START INFORMATION SUPPLIED
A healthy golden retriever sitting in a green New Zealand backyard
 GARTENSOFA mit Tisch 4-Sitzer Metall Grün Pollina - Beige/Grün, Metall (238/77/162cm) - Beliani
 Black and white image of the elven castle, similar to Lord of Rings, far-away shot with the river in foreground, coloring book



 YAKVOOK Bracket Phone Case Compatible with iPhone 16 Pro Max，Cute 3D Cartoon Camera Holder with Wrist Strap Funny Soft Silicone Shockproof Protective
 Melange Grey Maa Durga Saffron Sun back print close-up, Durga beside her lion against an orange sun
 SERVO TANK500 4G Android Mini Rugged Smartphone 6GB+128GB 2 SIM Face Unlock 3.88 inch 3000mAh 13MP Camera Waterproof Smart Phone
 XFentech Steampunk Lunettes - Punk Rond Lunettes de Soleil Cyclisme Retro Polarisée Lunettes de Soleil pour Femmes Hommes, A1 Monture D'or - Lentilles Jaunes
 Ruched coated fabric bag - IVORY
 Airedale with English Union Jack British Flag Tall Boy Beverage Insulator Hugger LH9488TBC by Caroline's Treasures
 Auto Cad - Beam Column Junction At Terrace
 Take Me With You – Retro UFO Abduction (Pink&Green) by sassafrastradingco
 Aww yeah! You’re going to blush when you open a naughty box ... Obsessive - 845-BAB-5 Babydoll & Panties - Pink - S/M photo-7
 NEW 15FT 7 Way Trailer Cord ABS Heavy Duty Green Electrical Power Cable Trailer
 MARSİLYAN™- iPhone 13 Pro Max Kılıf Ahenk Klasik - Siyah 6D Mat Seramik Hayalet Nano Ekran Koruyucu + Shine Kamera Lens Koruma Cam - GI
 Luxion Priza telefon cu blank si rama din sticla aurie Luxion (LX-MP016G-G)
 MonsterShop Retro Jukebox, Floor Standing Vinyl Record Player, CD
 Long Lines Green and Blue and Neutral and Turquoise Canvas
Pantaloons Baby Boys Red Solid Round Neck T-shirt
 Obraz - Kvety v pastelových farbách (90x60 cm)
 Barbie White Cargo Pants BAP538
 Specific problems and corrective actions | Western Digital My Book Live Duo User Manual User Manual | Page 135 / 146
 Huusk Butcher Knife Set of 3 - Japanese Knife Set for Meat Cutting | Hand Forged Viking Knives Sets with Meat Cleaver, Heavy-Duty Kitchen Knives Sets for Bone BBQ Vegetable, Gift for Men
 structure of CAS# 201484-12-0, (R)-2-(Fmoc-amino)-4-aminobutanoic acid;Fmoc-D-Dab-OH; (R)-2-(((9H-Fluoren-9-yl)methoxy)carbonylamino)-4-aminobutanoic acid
END INFORMATION SUPPLIED
Copy every line of the material above in which the string "Duty" can be found.

EXERCISE ANSWER:
 NEW 15FT 7 Way Trailer Cord ABS Heavy Duty Green Electrical Power Cable Trailer
 Huusk Butcher Knife Set of 3 - Japanese Knife Set for Meat Cutting | Hand Forged Viking Knives Sets with Meat Cleaver, Heavy-Duty Kitchen Knives Sets for Bone BBQ Vegetable, Gift for Men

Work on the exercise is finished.